The G5g instances powered by Amazon’s own Graviton2 processor and also feature NVIDIA T4G Tensor Core GPUs are a cost-effective alternative to Intel’s and AMD’s powered instances for deploying deep learning applications.

The Dilemma

AWS offers robust, powerful, cost-effective architecture for running artificial intelligence and deep learning tasks. One of the advantages is the option to use spot instances, which are far more cost-effective at times and up to 70% cheaper than on-demand instances.

For example, the spot pricing history for the g5g.xlarge instance in various “us-east” zones ranged from $0.1720 to $0.1519 per hour for the past three months. These rates are tempting, but at the time of writing, no official Amazon Linux 2023 Deep learning AMI is available for the Amazon G5g instances family. Setting up the environment can be cumbersome: finding drivers, the correct dev toolchain, and a pre-compiled PyTorch module supporting the latest DL toolkit.

Spot price history for g5g.xlarge for the last three months.

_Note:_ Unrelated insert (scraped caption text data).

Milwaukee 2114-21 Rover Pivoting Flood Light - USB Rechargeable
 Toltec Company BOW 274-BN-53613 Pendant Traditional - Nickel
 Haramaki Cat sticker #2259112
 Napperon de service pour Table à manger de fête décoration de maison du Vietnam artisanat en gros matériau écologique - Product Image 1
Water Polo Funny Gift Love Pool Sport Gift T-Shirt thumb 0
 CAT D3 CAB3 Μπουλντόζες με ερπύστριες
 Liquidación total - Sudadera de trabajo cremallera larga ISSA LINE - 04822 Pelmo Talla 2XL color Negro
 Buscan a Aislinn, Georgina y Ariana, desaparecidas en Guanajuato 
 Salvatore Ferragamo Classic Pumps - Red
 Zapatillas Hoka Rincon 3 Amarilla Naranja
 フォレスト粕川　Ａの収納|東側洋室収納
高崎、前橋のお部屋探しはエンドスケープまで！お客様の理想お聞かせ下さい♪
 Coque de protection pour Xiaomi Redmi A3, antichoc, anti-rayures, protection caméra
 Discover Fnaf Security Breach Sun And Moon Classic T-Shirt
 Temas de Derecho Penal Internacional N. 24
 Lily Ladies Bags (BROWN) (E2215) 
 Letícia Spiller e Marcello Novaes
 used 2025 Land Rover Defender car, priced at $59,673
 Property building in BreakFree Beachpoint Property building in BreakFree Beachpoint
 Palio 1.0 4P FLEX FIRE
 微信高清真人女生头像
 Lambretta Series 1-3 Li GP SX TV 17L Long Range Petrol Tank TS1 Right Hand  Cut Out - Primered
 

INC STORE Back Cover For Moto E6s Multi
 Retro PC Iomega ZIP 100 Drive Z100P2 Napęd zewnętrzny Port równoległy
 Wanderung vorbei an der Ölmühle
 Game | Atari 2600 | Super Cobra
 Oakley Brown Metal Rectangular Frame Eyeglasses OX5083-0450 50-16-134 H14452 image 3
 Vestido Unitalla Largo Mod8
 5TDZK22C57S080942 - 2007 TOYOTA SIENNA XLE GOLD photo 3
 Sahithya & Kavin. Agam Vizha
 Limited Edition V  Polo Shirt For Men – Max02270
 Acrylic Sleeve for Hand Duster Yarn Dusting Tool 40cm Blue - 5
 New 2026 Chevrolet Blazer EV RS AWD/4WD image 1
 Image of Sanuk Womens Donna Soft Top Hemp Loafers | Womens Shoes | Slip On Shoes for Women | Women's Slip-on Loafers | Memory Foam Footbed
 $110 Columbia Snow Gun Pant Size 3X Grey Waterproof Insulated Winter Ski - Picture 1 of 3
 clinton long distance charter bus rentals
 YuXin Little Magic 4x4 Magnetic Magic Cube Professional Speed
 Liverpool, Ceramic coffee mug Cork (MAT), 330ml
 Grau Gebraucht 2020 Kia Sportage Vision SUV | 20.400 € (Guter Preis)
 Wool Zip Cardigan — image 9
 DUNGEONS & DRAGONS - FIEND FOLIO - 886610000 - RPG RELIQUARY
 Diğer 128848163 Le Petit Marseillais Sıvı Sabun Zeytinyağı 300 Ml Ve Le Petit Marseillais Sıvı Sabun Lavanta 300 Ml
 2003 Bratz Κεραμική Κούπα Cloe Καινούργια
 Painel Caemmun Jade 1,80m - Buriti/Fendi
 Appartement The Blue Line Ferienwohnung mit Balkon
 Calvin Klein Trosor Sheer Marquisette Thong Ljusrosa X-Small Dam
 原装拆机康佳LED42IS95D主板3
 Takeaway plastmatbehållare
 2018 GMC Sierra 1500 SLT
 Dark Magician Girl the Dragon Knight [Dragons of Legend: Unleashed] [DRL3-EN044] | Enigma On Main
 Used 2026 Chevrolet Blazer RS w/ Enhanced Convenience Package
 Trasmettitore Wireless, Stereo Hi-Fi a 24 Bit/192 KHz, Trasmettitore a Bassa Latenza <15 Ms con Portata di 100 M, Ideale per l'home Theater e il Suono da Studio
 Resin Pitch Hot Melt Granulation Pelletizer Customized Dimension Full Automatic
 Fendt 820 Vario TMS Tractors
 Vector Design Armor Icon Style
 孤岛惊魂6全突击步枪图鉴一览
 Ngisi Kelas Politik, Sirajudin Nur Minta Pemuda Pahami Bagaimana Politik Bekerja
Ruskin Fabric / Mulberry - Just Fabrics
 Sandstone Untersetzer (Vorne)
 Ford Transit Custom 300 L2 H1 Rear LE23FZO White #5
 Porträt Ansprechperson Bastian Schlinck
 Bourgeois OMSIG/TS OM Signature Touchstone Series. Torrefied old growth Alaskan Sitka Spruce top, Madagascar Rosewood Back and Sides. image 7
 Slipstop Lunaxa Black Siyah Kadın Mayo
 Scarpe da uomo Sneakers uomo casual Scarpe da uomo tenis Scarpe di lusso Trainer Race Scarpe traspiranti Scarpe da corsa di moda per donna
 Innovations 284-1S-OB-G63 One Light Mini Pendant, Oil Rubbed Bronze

Navigating the Challenge — A How-To Guide

This aims to bridge the gap by offering comprehensive step-by-step instructions suitable for newcomers and seasoned data scientists. The goal is to enable you to leverage these state-of-the-art technologies at a meager cost without the hassle of finding the right driver and packages for the G5g family. Eventually, we will compile all the individual steps into a single script that will further streamline the process.

1. Launching an Instance

For setting up an instance, we’ll use g5g.4xlarge instance. The idea behind using a more powerful instance is to accelerate compilation time. We will launch the build instance with the AWS Command Line Interface (aws cli).

First, set the following environment variables:

  • REGION: Specifies the AWS region, e.g., ‘us-east-1’.

  • SECURITY_GROUPS: Your security group ID(s).

  • KEY_PAIR: The name of your SSH key pair.

  • SUBNET: The ID of your subnet.

If you have any confusion about these variables. You can refer to the security group, keypair, and subnets documentation.

Once you have these values, you can set these variables like this.

export REGION='us-east-1'
export SECURITY_GROUPS='YourFirstSecurityGroupIdsHere'
export KEY_PAIR='YourSSHKeyNameHere'
export SUBNET='YourSubnetHere'

Next, we need to find the latest Amazon Linux 2023 AMI ID so you will get the latest AMI every time you run this script. The following command will fetch the AMI ID and store it as AMI_ID.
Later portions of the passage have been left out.